* _Exercise instructions_: Your task is to repeat exactly the lines from the one with "Front view of" through the end of the records, both included; please leave the pictures out.

Saved entries
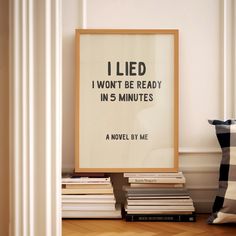 a pile of books sitting on top of a wooden floor next to a framed poster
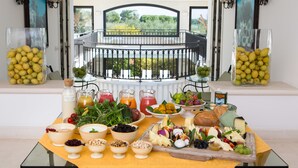 A breakfast buffet with a variety of fruits, cheeses, and breads, set against a balcony with a view of greenery. - Masseria San Domenico (Fasano)
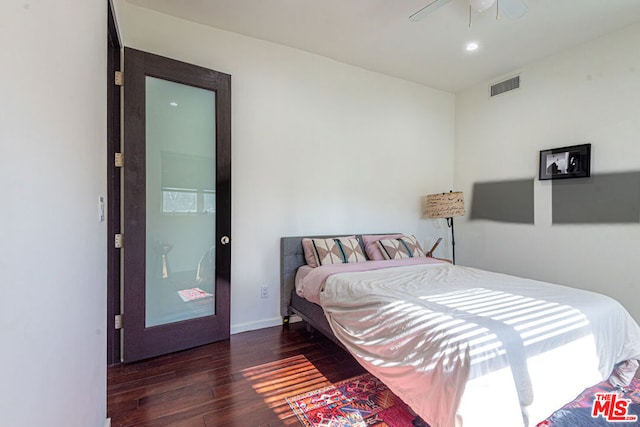 bedroom featuring dark hardwood / wood-style floors and ceiling fan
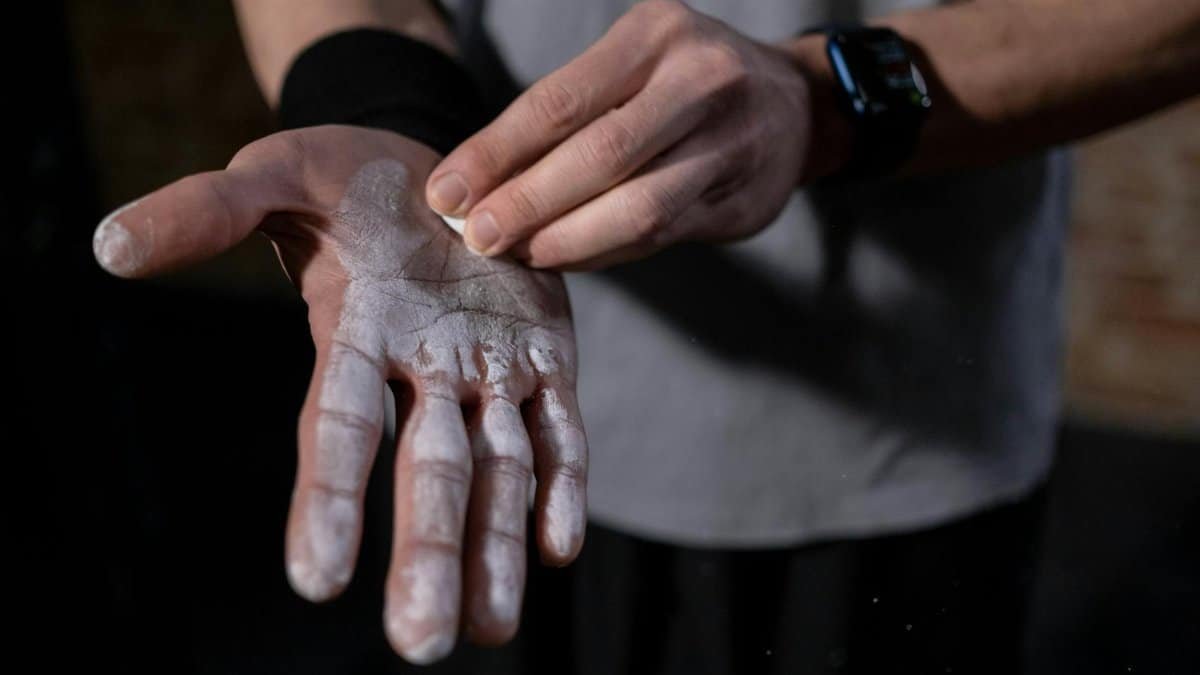 A detailed view of a hand applying gym chalk indoors, symbolizing fitness and preparation.
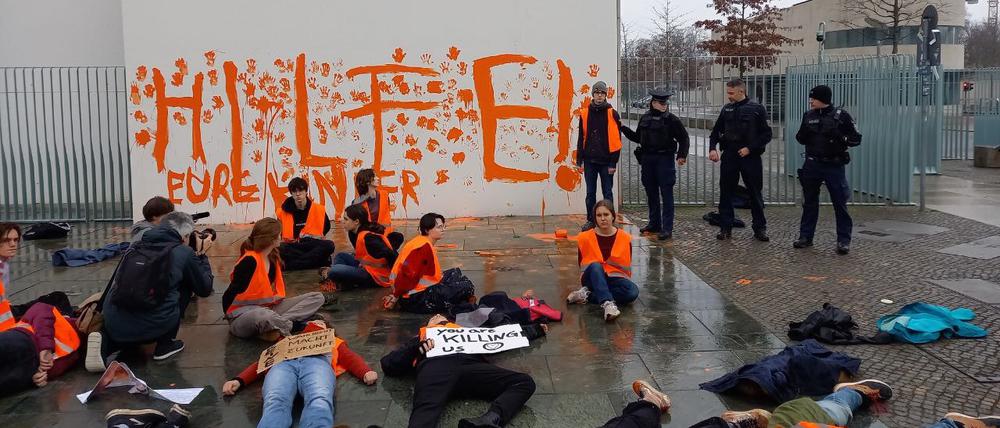 Aktivistinnen und Aktivisten der Letzten Generation sitzen vor einer Wand des Bundeskanzleramts auf der der Schriftzug «Hilfe! Eure Kinder» steht. Teilnehmer der Protestgruppe haben am Samstag die Fassade des Bundeskanzleramts mit orangener Farbe beschmiert.
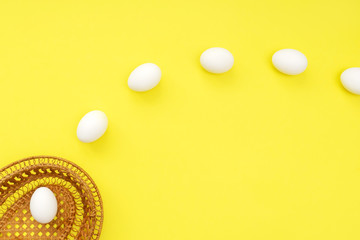 White eggs fly into pottle on yellow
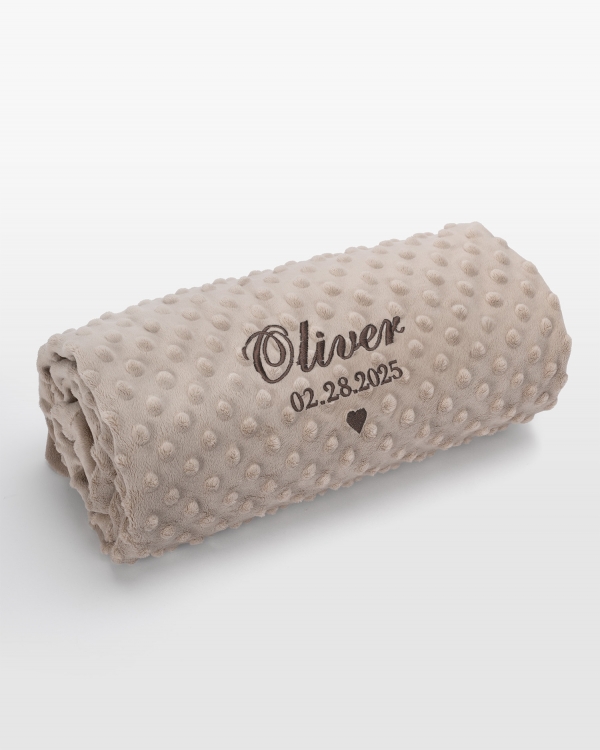 Hiekanvärinen vauvanpeitto ruskealla nimikirjonnalla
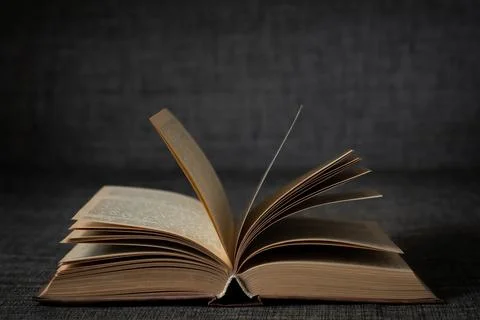 Old open book on a dark background close-up Stock Photos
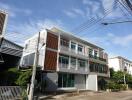 Front view of a modern multi-story residential building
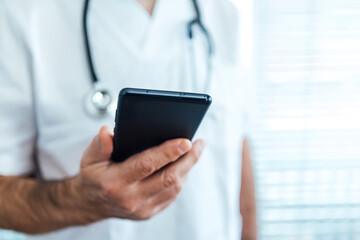 Mature male doctor - nurse wearing face mask, looking at mobile phone next to a hospital window. Covid-19 and medicine concept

* _Written answer_:
 Front view of a modern multi-story residential building
 Mature male doctor - nurse wearing face mask, looking at mobile phone next to a hospital window. Covid-19 and medicine concept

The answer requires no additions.